## Web_Scraping using python


### Objective :

The objective of this project is to automate the extraction of data from websites. Web scraping can help transform unstructured web data into structured datasets that are easier to analyze and use.

### Import Liraries :

We import the 'requests' library to make HTTP requests and interact with web services and import 'BeautifulSoup' library to parse HTML and XML documents.

BeautifulSoup library is used to managing hierarchical data structures which simplifies the process of web scraping by converting complex HTML documents into a format that is easy to work with python.

In [26]:
import requests
from bs4 import BeautifulSoup
import pandas as pd
from sqlalchemy import create_engine
import logging

### Setup logging:

 The logging module in Python provides a flexible framework for emitting log messages from Python programs. The logging.basicConfig function is used to configure the logging system.

In [27]:
# Setup logging
logging.basicConfig(filename='scraping.log', level=logging.INFO, 
                    format='%(asctime)s %(levelname)s:%(message)s')

### Function to scrape data from a given URL
**scraped_data** is designed to fetch and parse HTML content from the given urls.

Create a try_except block for fetching urls,response.raise_for_status() checks if the request was successful (status code 200). If not, it raises an HTTPError.

Then using BeautifulSoup library extract the data from tables.

In [28]:

def scrape_data(url):
    try:
        response = requests.get(url, timeout=10)
        response.raise_for_status()
    except requests.exceptions.RequestException as e:
        logging.error(f"Error fetching URL {url}: {e}")
        return None
    
    try:
        soup = BeautifulSoup(response.text, 'html.parser')
        tables = soup.find_all('table', class_='table')
        data_frames = []
        
        for table in tables:
            rows = table.find_all('tr')
            headers = [header.text.strip() for header in rows[0].find_all('th')]
            data = []
            for row in rows[1:]:
                cols = row.find_all('td')
                data.append([col.text.strip() for col in cols])
            df = pd.DataFrame(data, columns=headers)
            data_frames.append(df)
        
        return data_frames
    except AttributeError as e:
        logging.error(f"Error parsing HTML from {url}: {e}")
        return None

### Function to save DataFrame to PostgreSQL:
Create save_to_postgresql funtion to save dataframe to postgresql database.
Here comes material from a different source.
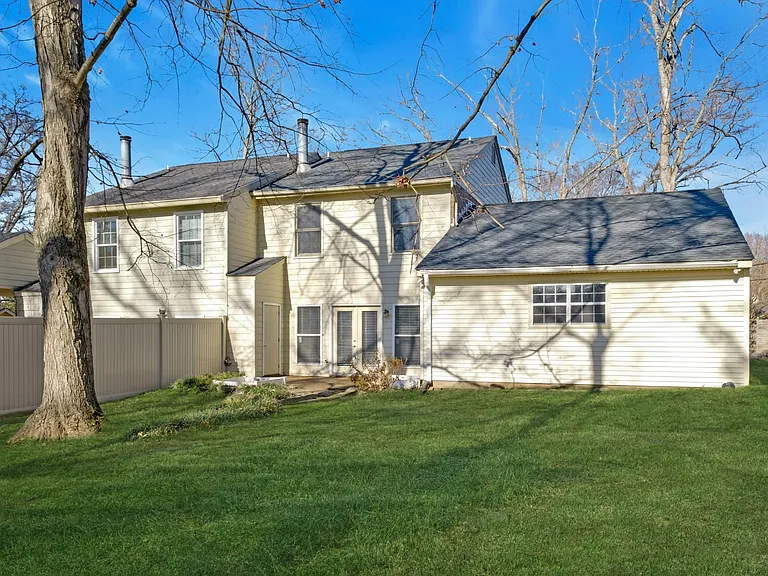 1005 Glendale Ln — Photo 28
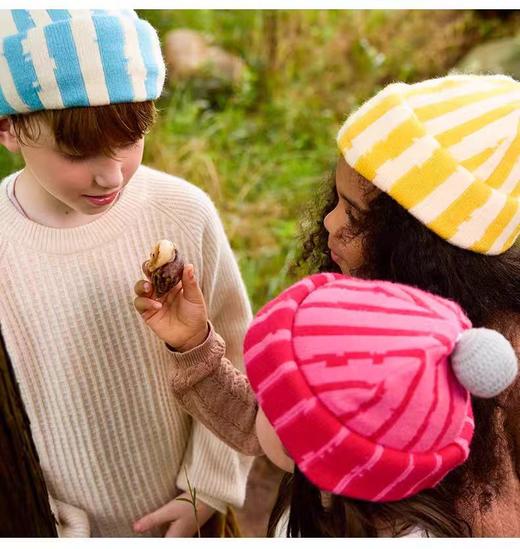 HUGZ蛋仔帽系列男女童通用，不扎皮肤，不易起球，妈妈宝贝都能戴，全家实现"静电自由"！现在零头不到就能拥有。冬天出门不再怕寒风！👶 母婴级柔软，亲密呵护 商品图0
The **create_engine** function is used to create an Engine object, which serves as the primary interface to the database.The Engine manages connections to the database and provides a high-level interface for executing SQL statements.

In [29]:

def save_to_postgresql(df, table_name, username, password, host, dbname):
    try:
        engine = create_engine(f'postgresql+psycopg2://{username}:{password}@{host}/{dbname}')
        df.to_sql(table_name, engine, if_exists='replace', index=False)
        logging.info(f"Data saved to PostgreSQL table {table_name} successfully")
    except Exception as e:
        logging.error(f"Error saving data to PostgreSQL table {table_name}: {e}")

### Fetched the URLs from the Website

Website link: https://www.scrapethissite.com/pages/ajax-javascript/#2015

https://www.scrapethissite.com/pages/forms/

https://www.scrapethissite.com/pages/advanced/

Store the database connection details and the base table name.

Call the main function to scrape the data from the URLs and save it to the PostgreSQL database.

In [30]:
def main():
    urls = [
        "https://www.scrapethissite.com/pages/ajax-javascript/#2015",
        "https://www.scrapethissite.com/pages/forms/",
        "https://www.scrapethissite.com/pages/advanced/"
    ]
    
    username = 'postgres'
    password = 'sql123'
    host = 'localhost'
    dbname = 'web_scraping'
    table_name = 'scraped_data'

    for url in urls:
        data_frames = scrape_data(url)
        if data_frames:
            for idx, df in enumerate(data_frames):
                table_name = f"team_data_{idx}"
                save_to_postgresql(df, table_name, username, password, host, dbname)

if __name__ == '__main__':
    main()

The scraped_data is saved to the postgresql database web_scraping.